そんなおばさんの顔を見ながら、真緒は自分の血の気が引いていくのがわかった。まるで足元から凍っていくように体が固まる。
「あ、あの……」
真緒の乾いたくちびるがうまく動かず、開いたままになる。鼓動だけがドクドクドクと速かった。
「隠さず、全て話しな」
「は、はい」
そう返事したものの、なにも言葉が出てこない。真緒はのどを詰まらせたときの倍以上の汗をかき、全身が溶けていくようだった。
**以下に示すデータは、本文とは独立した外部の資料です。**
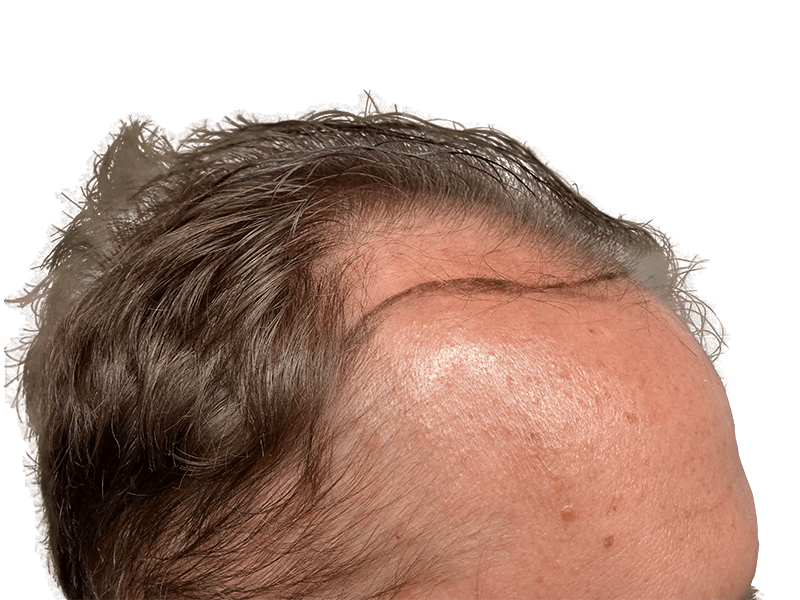 Hair transplant result: Receding hairline restored. Before & after showing fuller, natural-looking hair. Male, graying hair.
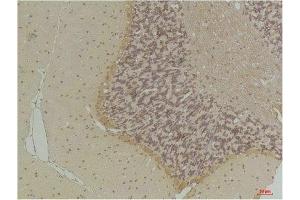 Immunohistochemical analysis of paraffin-embedded Rat BrainTissue using GABA Transporter 1 Rabbit pAb diluted at 1:200. (SLC6A1 antibody)
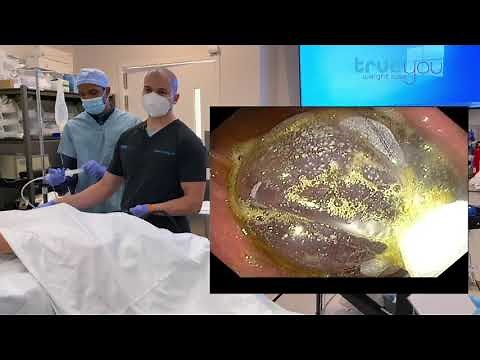 Orbera Balloon Placement | Full Educational Endoscopic Demonstration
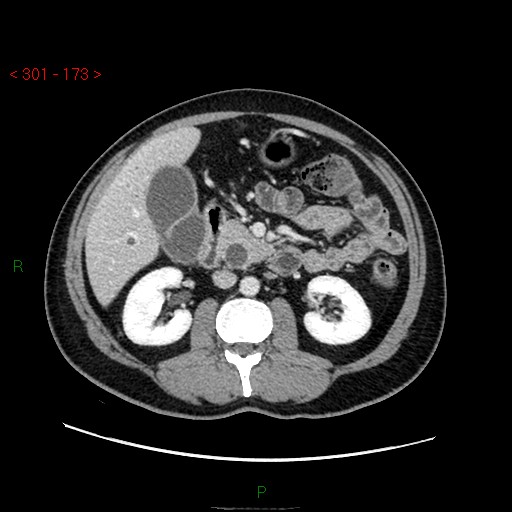 Ampullary carcinoma (Radiopaedia 56396-63056 C 43).jpg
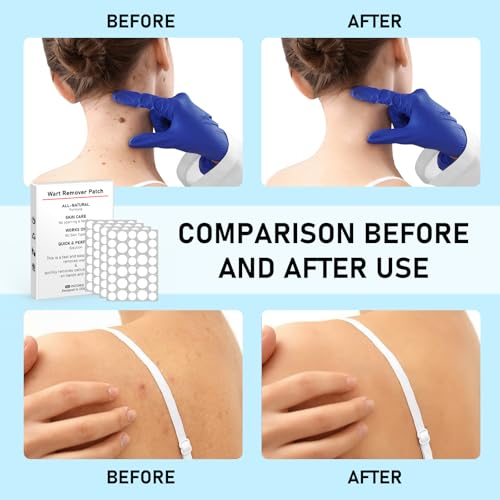 WABRINY Wart Remover Patches, Fast & Easy Operate Hydrocolloid Gel Waterproof Invisible Sticker, Skin Care Removal Patches for All Skin Types(144pcs)-R1 - Thumbnail 7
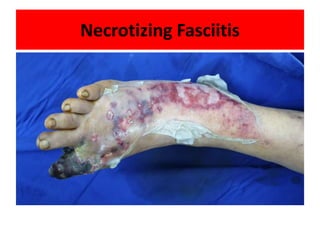 Necrotizing Fasciitis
「あの……あの、市場に行く途中で……秘人にぶつかりました。それで、それで……その秘人のお姉さんに……」
「なんだい! 聞こえないじゃないか! 渋ってないで、はっきり言ったらどうさ!」
消えいるような声で真緒が話しはじめると、おばさんが怒鳴りつけた。
「それで? そのお姉さんがどうしたっていうんだい!」
「その……その秘人のお姉さんに、けがを治してもらって」
真緒が言い終わらないうちに、おばさんは手の平で思いっきり真緒の頬をひっぱたいた。
「あんた! 私の言ったこと、覚えてないのかい! 何回言えば、あんたって子は私の言うことを聞くんだい!」
ひっぱたかれて赤く腫れた頬を押さえながら、真緒は涙をぼろぼろとこぼした。
「あんた、まだわかってないようだね! こっちへ来な!」
おばさんが乱暴に真緒のローブの袖を引っ張って、地下室に連れていく。